(95c) Systematic Approaches to Mitigate Hazards in the Design and Operation of Experimental Systems

Kasick, A. - Presenter, Ohio University
Lee, S., Ohio University
In academic laboratories studying process engineering, researchers perform work with a variety of different experimental systems and process units. In some cases, the units were developed years ago by researchers who have since moved on from the Lab, in other cases, old units were reworked to meet contemporary experimental needs, while in other cases, new units were constructed from scratch. Such practices, along with the diverse backgrounds of the researchers in the Lab, create the potential for divergent notions of what constitutes “safe practices”; therefore, developing organizational practices that promote safe design and operation of experimental units are critical in establishing habitually safe practices in the Lab. The importance of such practices is heightened when the designed system deals with reactive, flammable, explosive, and/or toxic substances. While in industry tools and resources such as codes and inspections have existed for decades to ensure uniformity throughout industry, in academia attention has only recently been directed towards evaluating how a culture of safety can be promoted with regards to custom-built experimental process units.

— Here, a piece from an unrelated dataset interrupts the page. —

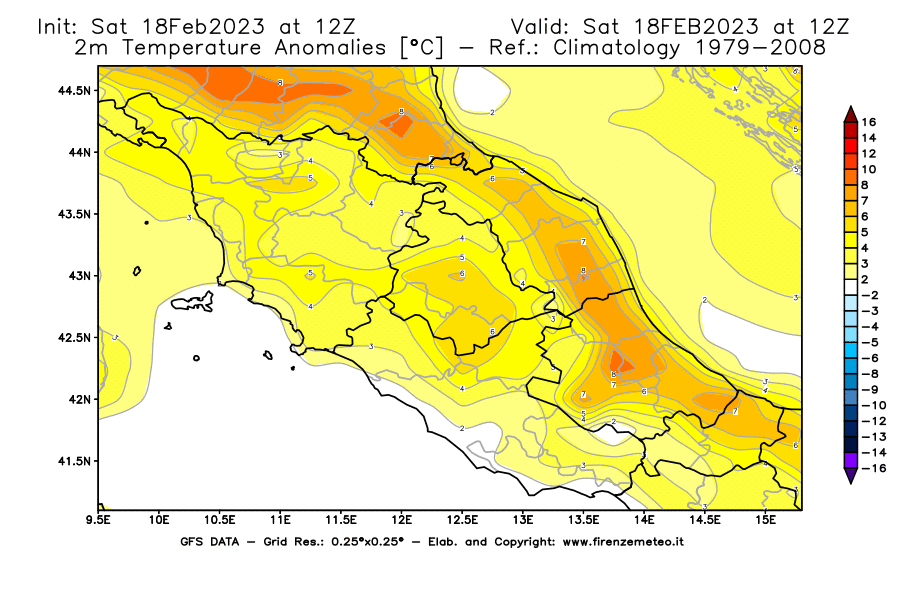 Mappa di analisi GFS - Anomalia Temperatura [°C] a 2 m in Centro-Italia
							del 18/02/2023 12 <!--googleoff: index-->UTC<!--googleon: index-->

Recently, efforts in our Lab have centered upon the construction of a new experimental hydrogenation system for synthesizing a specialty chemical, during which attention has been directed towards identifying the potential hazards posed by the system, and the proposed experimentation, along with assessing the potential impact a failure could have. The process of identifying and assessing hazards was a critical first step in prioritizing which aspects of the system are in most need of attention. Once the most significant hazards had been determined and the design approach was established, the instrumentation and equipment available to address or mitigate the hazards were considered; such an evaluation was critical in working to design an inherently safer system. Finally, effort was devoted to implementing a data acquisition and control approach that allowed for reliable monitoring of the conditions of the system. Record keeping and documentation of the design process and operational details serves as an invaluable tool for sustainable safety of the process system.

With appropriate documentation of this process and its experimental system, and learning about safety practice protocols established in industry, these efforts are being used to develop practices within the Lab that will elevate work involving experimental process units to new levels of universal appreciation and application of safe design and operational procedures.